- March 2, 2010
- Posted by: Ramki Ramakrishnan
- Category: GBP
In this update, I am going to look at the medium term outlook for Sterling Pound, or GBP/USD. Those who have subscribed to this blog would have seen the last medium term update on cable, (another name for GBP/USD) posted here on 4th August 2009. (here is the link to that post). But the more important medium term update for Sterling Pound was written on 27 May 2009, and I urge you to read that post again. There two updates are pretty good examples of how one could use Elliott Wave analysis to navigate the market. They serve to highlight the fact that we first come up with the direction of the medium term move, and also a ball-park target. As the market unfolds in the anticipated direction, and approaches the said target, we look at fresh clues and adjust the original target to take account of any new information. These tweaks took place over several shorter-term updates which are also documented in this blog. All you have to do is to search under Forex and look for GBP. Over a period of time, we have gone from a monthly chart all the way down to a 10-minute chart! Elliott Wave Principle works in all time frames.
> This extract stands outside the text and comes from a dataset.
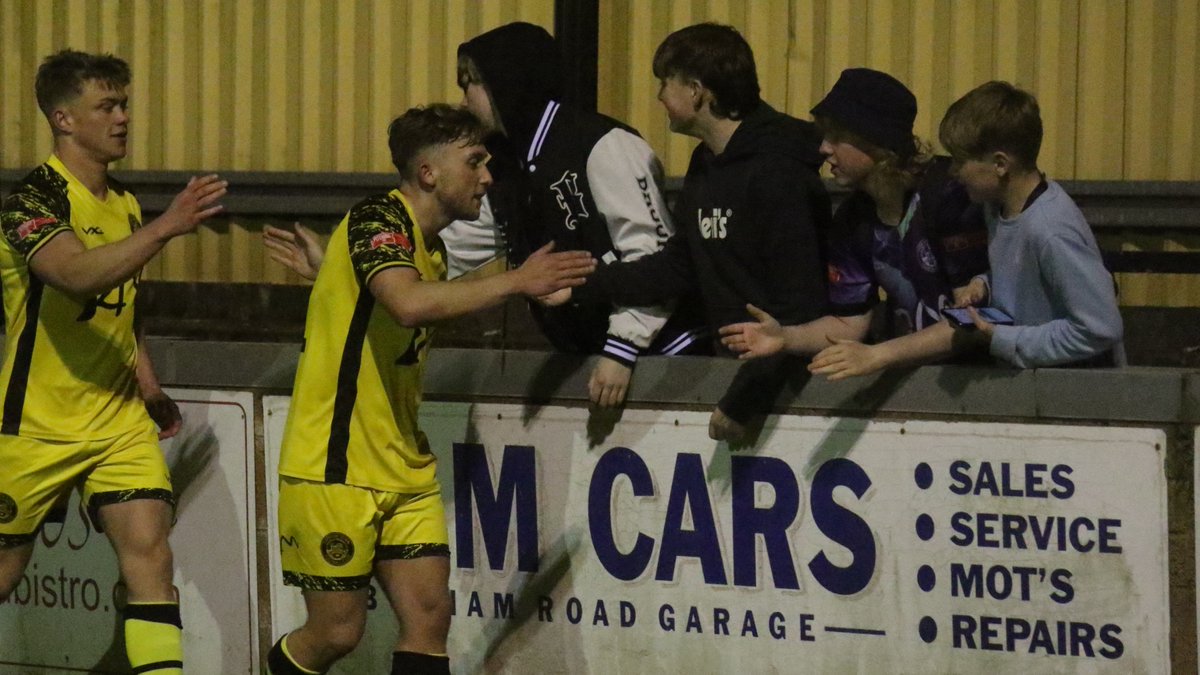 GerryHunt19's tweet image. A vitally important win for @tivertontownfc last night in their battle to avoid relegation; @jackricey_, one of the two goal scorers, enjoyed receiving the adulation of the crowd as well as hugs from those two club legends @vivcurtis and @tivvygirl. 
@swsportsnews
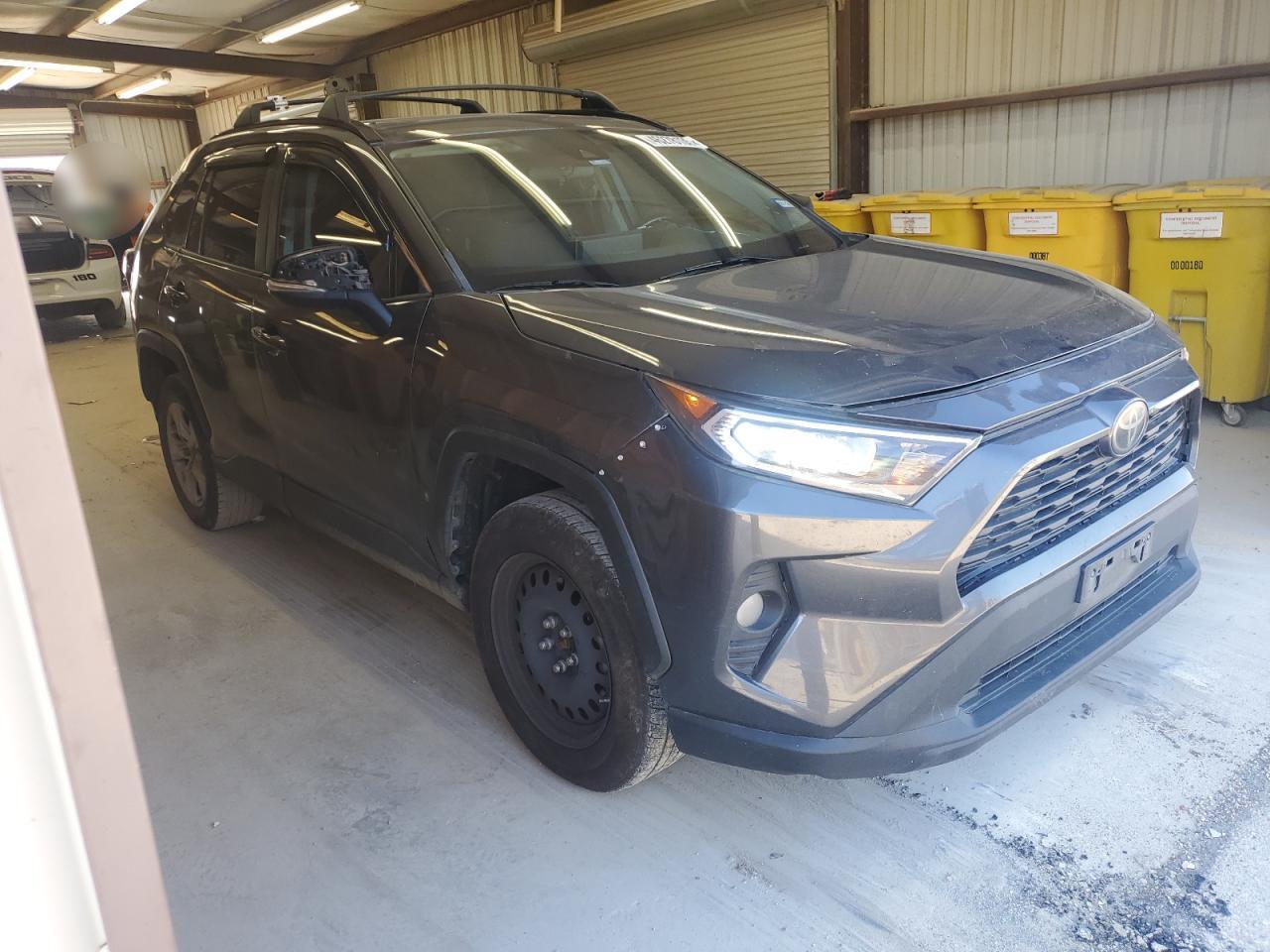 2019 Toyota RAV 4 - Image 4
The recent insistance by Mr Mervyn King that the Bank of England cannot rule out fresh quantitative easing only confirms that there are a lot of downside risks for the UK. Clearly this is not supportive for the Sterling Pound. But let us go back to the GBP/USD charts. As you can see here, a key support has broken decisively and we are headed towards 1.4700 as a first step. Allow for a few sessions of back-and-forth moves (part of a mini 4th wave pattern) and then fresh selling to come forth again. While we stay below 1.5250 now the Sterling Pound will remain under considerable pressure and gradually ease down to 1.4150 initially, and should the going get tougher (perhaps with a hung parliament), we can even say the original target of 1.3300 area is within reach in the coming months.